Say how many of the lines below contain the word "with"; nothing else belongs in the answer.

(Stored data Opens)

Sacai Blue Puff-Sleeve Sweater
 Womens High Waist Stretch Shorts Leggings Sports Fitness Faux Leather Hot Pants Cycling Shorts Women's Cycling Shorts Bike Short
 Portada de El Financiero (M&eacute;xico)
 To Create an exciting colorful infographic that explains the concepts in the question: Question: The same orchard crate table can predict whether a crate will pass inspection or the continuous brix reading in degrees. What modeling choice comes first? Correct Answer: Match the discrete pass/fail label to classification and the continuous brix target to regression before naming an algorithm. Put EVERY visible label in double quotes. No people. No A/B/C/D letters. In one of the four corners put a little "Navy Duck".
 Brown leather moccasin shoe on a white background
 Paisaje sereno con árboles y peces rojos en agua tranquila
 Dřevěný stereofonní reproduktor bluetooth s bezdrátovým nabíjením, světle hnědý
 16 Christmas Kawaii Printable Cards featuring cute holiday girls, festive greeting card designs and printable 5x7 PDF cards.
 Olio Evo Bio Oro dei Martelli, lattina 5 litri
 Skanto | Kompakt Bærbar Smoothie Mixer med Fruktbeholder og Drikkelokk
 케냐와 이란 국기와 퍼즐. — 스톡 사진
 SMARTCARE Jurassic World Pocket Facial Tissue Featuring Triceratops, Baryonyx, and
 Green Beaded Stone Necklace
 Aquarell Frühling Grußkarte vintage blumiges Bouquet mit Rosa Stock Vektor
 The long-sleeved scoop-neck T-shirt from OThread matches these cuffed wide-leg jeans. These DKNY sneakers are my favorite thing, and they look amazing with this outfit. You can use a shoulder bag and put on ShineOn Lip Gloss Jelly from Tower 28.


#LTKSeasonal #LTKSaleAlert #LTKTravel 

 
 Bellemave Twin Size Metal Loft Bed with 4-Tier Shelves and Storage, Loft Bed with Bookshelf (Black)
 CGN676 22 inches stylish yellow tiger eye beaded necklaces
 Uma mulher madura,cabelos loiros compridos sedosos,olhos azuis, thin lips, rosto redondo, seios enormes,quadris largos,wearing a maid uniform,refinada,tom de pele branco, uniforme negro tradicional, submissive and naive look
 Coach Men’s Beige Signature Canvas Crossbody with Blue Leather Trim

(Stored data Closes)

Answer =>
3